Oui
je reviens sur le sujet – car décidément c'en est un : le
sujet. Il est au livre une sorte de noyau, qui sert au lecteur de
critère de choix – c'est dommage. Car le sujet n'est pas le livre
comme le noyau n'est pas le fruit. Mais le sujet présente à la
presse l'avantage de lui en fournir un, lui-même, car la presse a
besoin de sujets – quitte à ce que l'article, quand il est
insuffisant, parle du sujet au lieu de parler du livre. Insuffisant
mais l'illusion suffit : le titre est mentionné, le livre
marche. Ainsi en est-il, vérifiez-le, de tous les livres qui
marchent – même quand ils sont bons. Mais de même que dans la
nature tous les fruits n'ont pas de noyaux à proprement parler, tous
les livres n'ont pas pour sujet un noyau dur et compact, aussi
facilement détachable et propre à l'observation que celui de
l'abricot. Et de ceux-là il est naturellement – et je dirais même
par nature – beaucoup plus difficile de parler. C'est sans doute la
raison pour laquelle vous n'avez pas encore lu l'excellent A tous
les airs, de Stéphane Vanderhaeghe, dont le premier roman
Charognards avait été justement remarqué. L'apocalypse
corviforme, rappelez-vous, y pouvait passer pour le sujet, un pseudo
noyau comme en a la chayotte (car ce roman est bien autre chose
encore), mais suffisant pour un pitch apéritif. A tous les airs
est plutôt kiwi : on y mord sans s'y cogner les dents. J'ai
moi-même éprouvé bien du mal à en parler, cliquez sur ma piètre présentation ; pourtant cette absence de sujet aussi n'est
qu'un leurre, car après lecture l'imagination en est un, essentiel
(un sujet, d'ailleurs le leurre aussi en est un) dans ce roman ;
un sujet qui est également un moteur. Mais je pense aussi à Chaos,
de Mathieu Brosseau, gauchement évoqué dans mon précédent billet.

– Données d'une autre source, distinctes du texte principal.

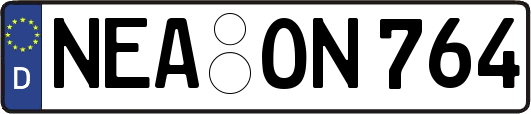 NEA-ON764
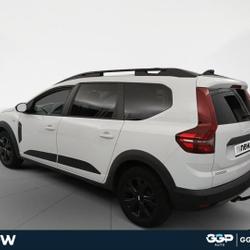 Dacia Jogger 1.0 ECO-G 100ch Extreme+ 5 places occasion - Saint-Amand-les-Eaux - photo 3/27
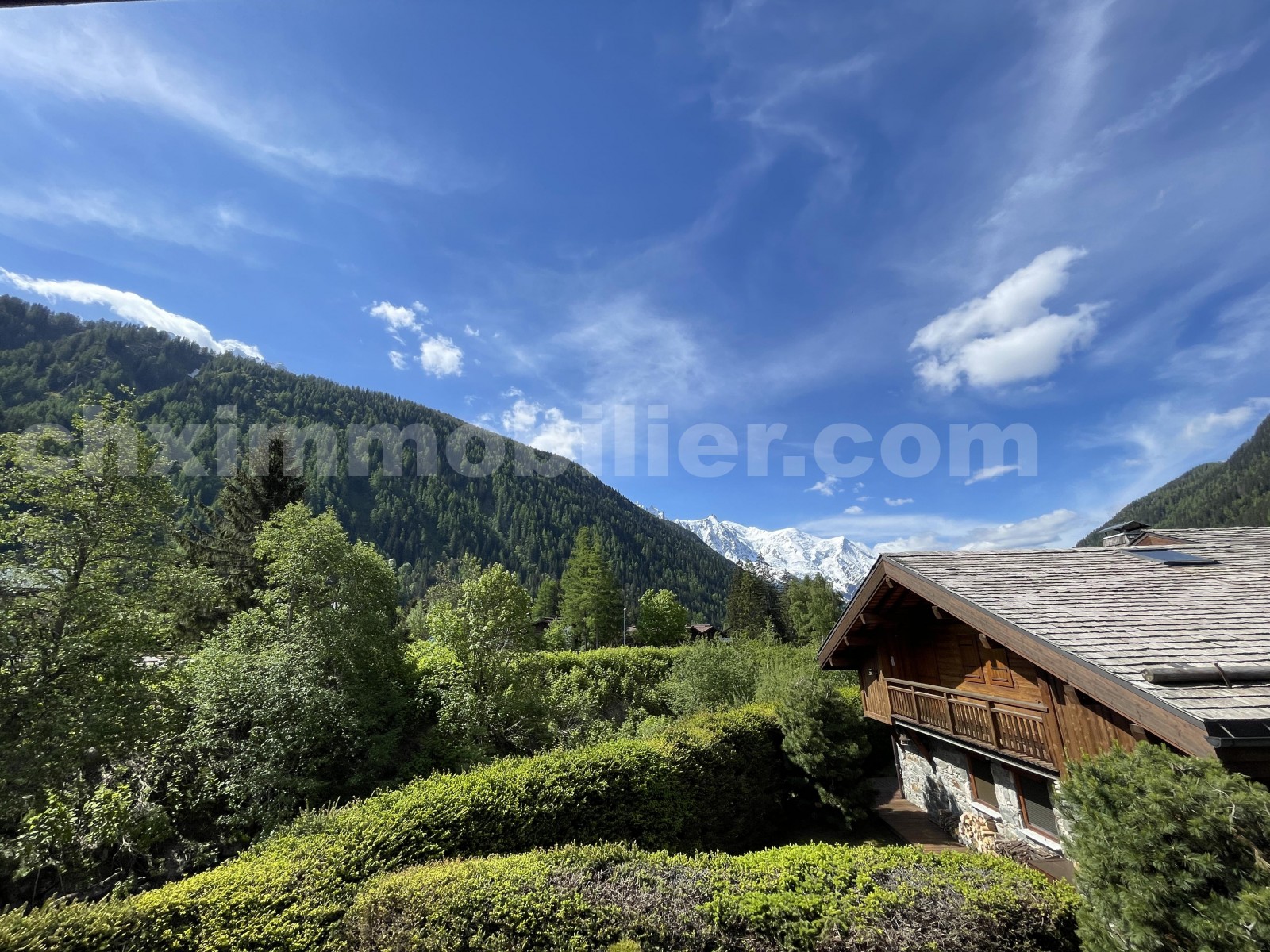 Maison 5 Pièce(s) ARGENTIERE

Il n'a de vraiment commun avec A tous les airs que l'éditeur
(oui, c'est aussi le mien, et ce n'est pas seulement par solidarité
éditoriale que j'en parle : Quidam ne recule pas devant des
choix essentiels qui signent une conception de la littérature que je
partage) et le statut de « deuxième roman » – une
place difficile. Mais dans Chaos non plus le sujet ne se
laisse pas saisir : la trame narrative, résumable en trois
lignes, en est plutôt le squelette, et la folie de la Folle n'en est
qu'un thème. Le livre se lit dans une sorte d'immédiateté sidérée,
à la fois évidente et hypnotique – allez donc en sortant dire
« de quoi ça parle » à vos amis, je vous en défie
d'autant plus volontiers que pour le relever, il faut lire le livre,
il faut lire les livres – et n'hésitez pas à venir râler auprès
de votre serviteur si vous êtes déçu : même pas peur.